D’autre part, la déresponsabilisation qui est à la base de l’indifférence est également favorisée par la structure bureaucratique de l’État. Comme l’écrit toujours Thoris : « Ce peut être un paradoxe pour beaucoup, mais l’État-Providence est certainement la cause matérielle de cette indifférence. Comme le dit Pierre Rosanvallon, ‘’l’État-protecteur ne peut se construire qu’en dégageant de plus en plus les individus des groupes sociaux réels (famille élargie, relations de voisinage fondées sur le troc, etc.) dans lesquels sont encastrés les échanges économiques qu’il ne saisit pas’’. En voie de conséquence, ‘’une conception étatique de l’assistance est le corollaire de l’individualisme le plus radical en matière de relations sociales’’. » (8)

Cette double critique du pape François, est-il nécessaire de le rappeler, s’inscrit dans les voies définies par la doctrine sociale de l’Église.

Comment surmonter l’indifférence?

Le vrai remède que propose le pape François contre l’indifférence, c’est de se tourner vers l’autre, vers le prochain. « Il y a beaucoup d’indifférence devant la souffrance. Cette indifférence est contrée par des actes concrets de charité », écrit-il dans son tweet du 20 juin 2014. Il nous invite également à cultiver la fraternité : « Don et engagement venant de Dieu le Père, la fraternité encourage à être solidaires contre l'inégalité et la pauvreté qui affaiblissent la vie sociale, à prendre soin de chaque personne – en particulier du plus petit et sans défense – à l'aimer comme soi-même, avec le cœur-même de Jésus-Christ.

Dans un monde qui développe constamment son interdépendance, ne doit pas manquer le bien de la fraternité, qui peut vaincre l’expansion de cette mondialisation de l'indifférence (…). La mondialisation de l’indifférence doit laisser la place à une mondialisation de la fraternité. » (9)

Dans son message du Carême 2015, face à « un monde dominé par la globalisation de l’indifférence », le pape propose aux communautés chrétiennes de « devenir des îles de miséricorde » : « Il s’agit de transformer les lieux chrétiens – paroisses, communautés, groupes – en des lieux où se manifeste la miséricorde de Dieu. » Dans l’Église, « corps vivant de ceux qui croient en Jésus Christ », les membres « prennent soin les uns des autres, ou mieux, ils vivent les uns grâce aux autres. Vivre en Église est déjà en soi une rupture avec l’individualisme, avec l’indifférence, avec l’enfermement sur soi qui conduit à la mort ».

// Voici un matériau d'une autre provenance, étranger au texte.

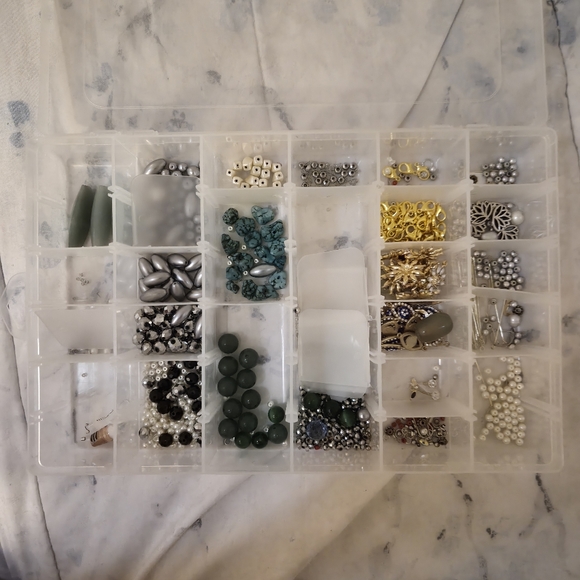 Jewelry Making Kit - Picture 3 of 4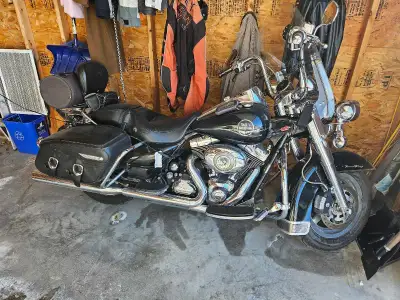 2009 Harley Davidson Road King Classic. American. 47,000 miles. Well maintained. Safetied. New tires...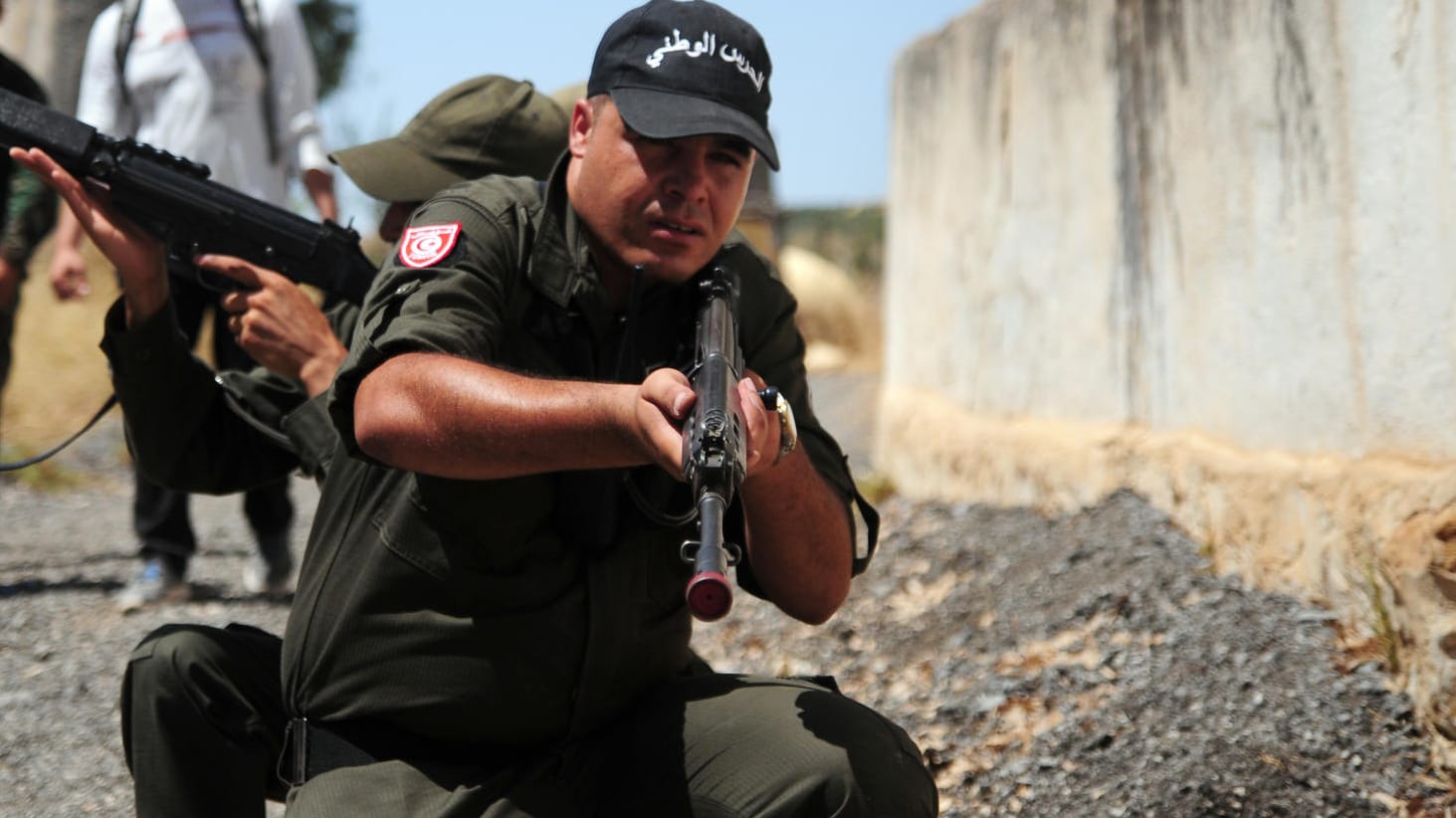 Ein Soldat der tunesischen Nationalgarde. An der Grenze zu Algerien sind bei einem Anschlag sechs Soldaten getötet worden.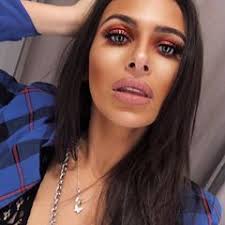 Makeup Revolution X Imogenation Highlight To The Moon Palette Huns Do You Reckon I Passed Or Failed My 24 Hour Challenge It Gets A Little Crazyyy See You At 7pm Tonight Eyesha Baked Blush Eyeshadow Palette Beauty Bay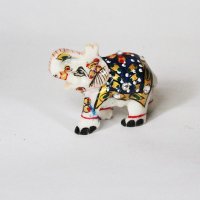 Elefant grüßend handbemalt weinrot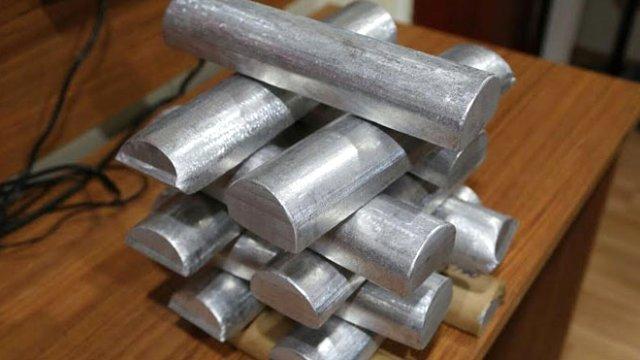 İstanbul'da 13 adet nükleer külçe yakalandı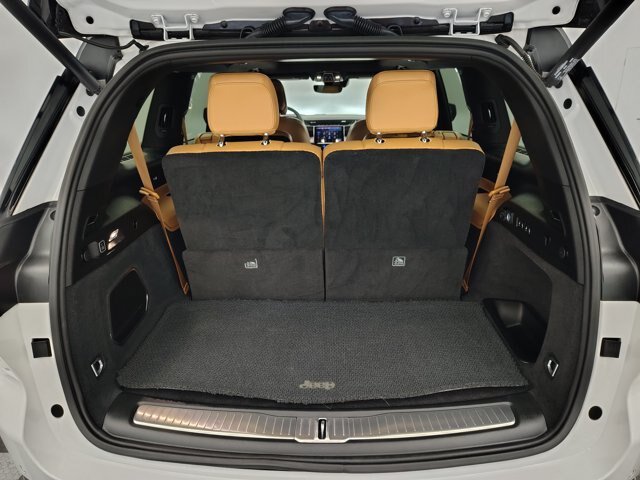 Used 2023 Jeep Grand Cherokee L Summit AWD/4WD image 19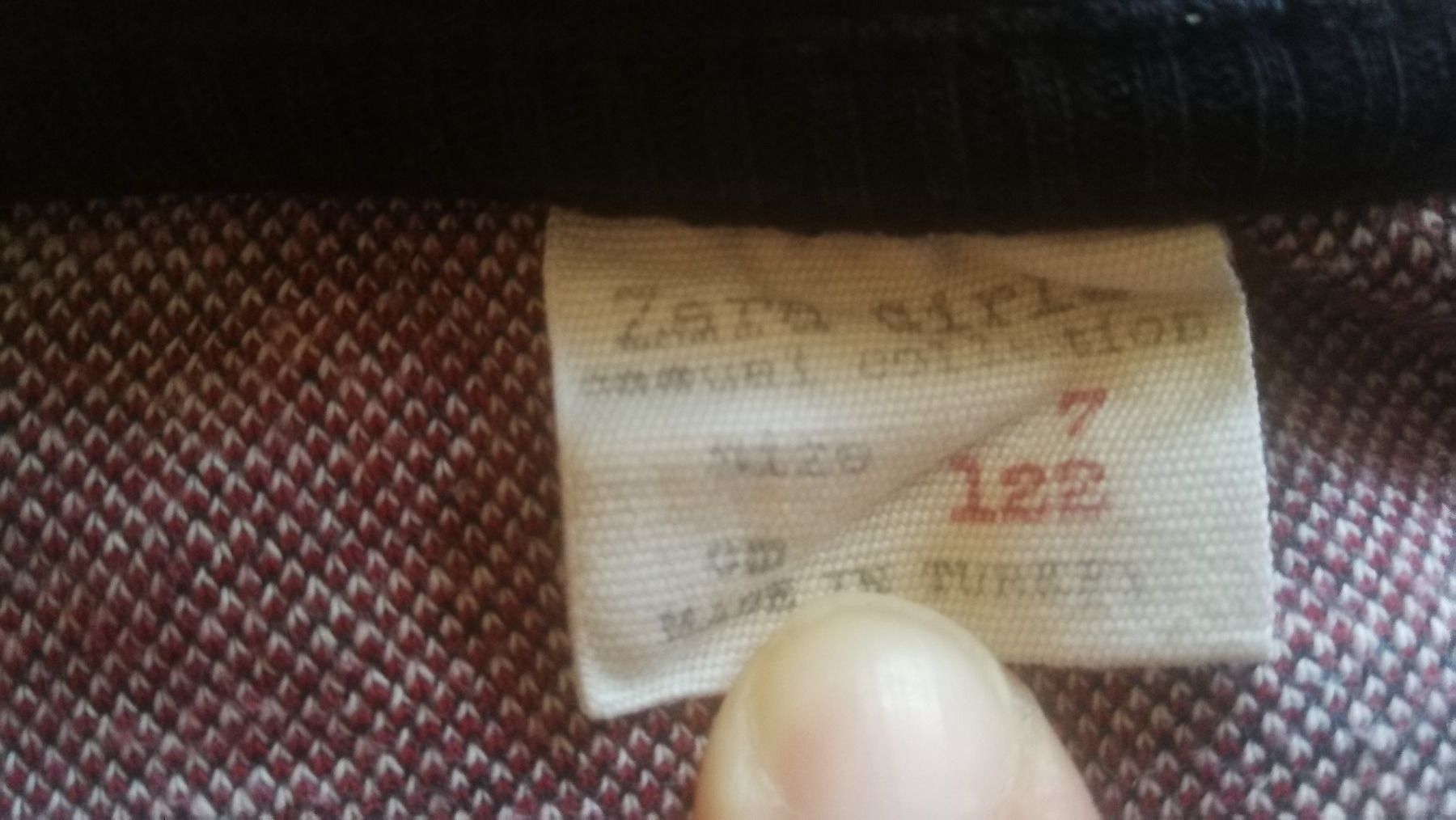 Zara Pulls et sweat-shirts: Pulli kariert Zara Gr122 – D'occasion à Zürich par laude 1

Mais, au bout du compte, c’est à une ouverture plus grande à Dieu qu’il nous convie. « Pour dépasser l’indifférence et nos prétentions de toute-puissance, je voudrais demander à tous de vivre ce temps de Carême comme un parcours de formation du cœur... Avoir un cœur miséricordieux ne veut pas dire avoir un cœur faible. Celui qui veut être miséricordieux a besoin d’un cœur fort, solide, fermé au tentateur, mais ouvert à Dieu. Un cœur qui se laisse pénétrer par l’Esprit et porter sur les voies de l’amour qui conduisent à nos frères et à nos sœurs. Au fond, un cœur pauvre, qui connaisse en fait ses propres pauvretés et qui se dépense pour l’autre. »

Le philosophe Jean-Jacques Wunenburger dit la même chose lorsqu’il écrit que de « S'arracher à la mauvaise indifférence exige que nous nous sentions également enveloppés dans l'unique source d'amour qui ne vient jamais seulement de nous. L'indifférence peut dès lors signifier aussi pour nous, nous effacer devant Dieu pour mieux en recevoir l'infinie charité. » (10)

Notes

(1) http://www.institut-montalembert.fr/dse/mondialisation-de-lindifference-715/

(2) http://www.news.va/fr/news/le-pape-francois-annonce-le-theme-pour-la-xlvii-jo

(3) http://radionotredame.net/2015/vie-de-leglise/pape-francois-la-mondanite-nous-rend-aveugles-aux-pauvres-34288/

(4) http://www.zenit.org/fr/articles/regardons-nous-de-facon-plus-fraternelle

(5) http://www.editionskime.fr/la-difference-comme-non-indifferenceethique-et-alterite-chez-emmanuel-levinas/

(6) http://www.institut-montalembert.fr/dse/mondialisation-de-lindifference-715/

(7) http://www.libertepolitique.com/actualite/la-revue-de-presse/la-mondialisation-de-l-indifference

(8) Ibid.

(9) http://www.news.va/fr/news/le-pape-francois-annonce-le-theme-pour-la-xlvii-jo

(10)  Jean-Jacques Wunenburger, "L'indifférence, faiblesse et force", Autres Temps. Cahiers d'éthique sociale et politique, n°41, 1994. p. 26.